Exercise objective: Omit all images, then repeat exactly the lines below from the one containing "Table 1. Cultural Items in My English 5" through the one containing "U.S. Drought Monitor's", both ends included.

Input:

**********

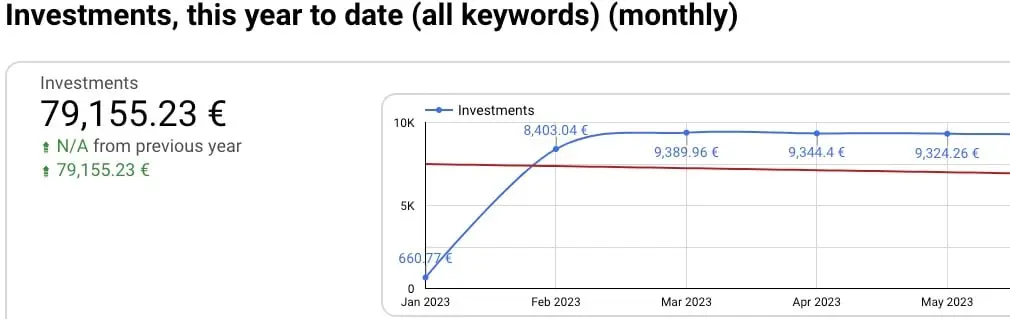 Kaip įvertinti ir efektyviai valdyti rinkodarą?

**********

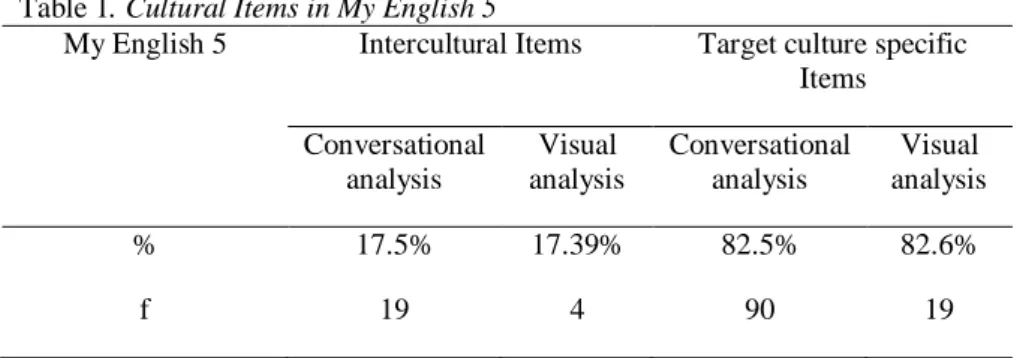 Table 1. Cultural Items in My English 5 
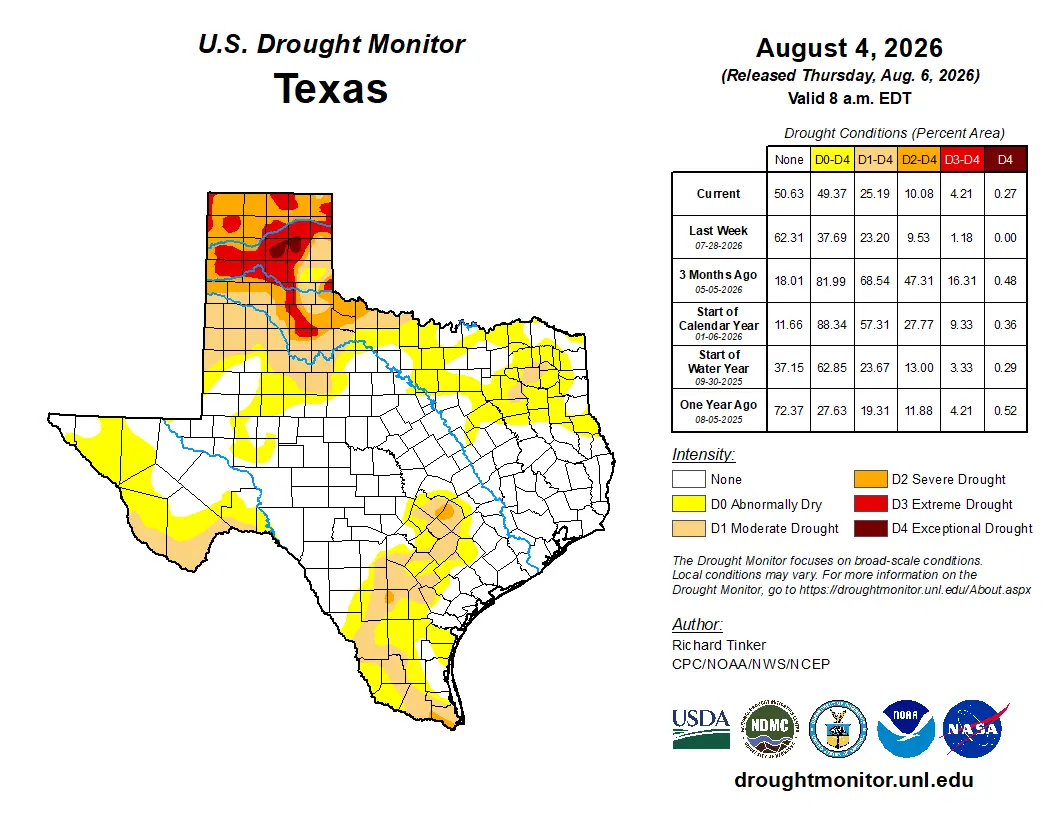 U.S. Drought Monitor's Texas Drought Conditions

**********

Solved exercise:
 Table 1. Cultural Items in My English 5 
 U.S. Drought Monitor's Texas Drought Conditions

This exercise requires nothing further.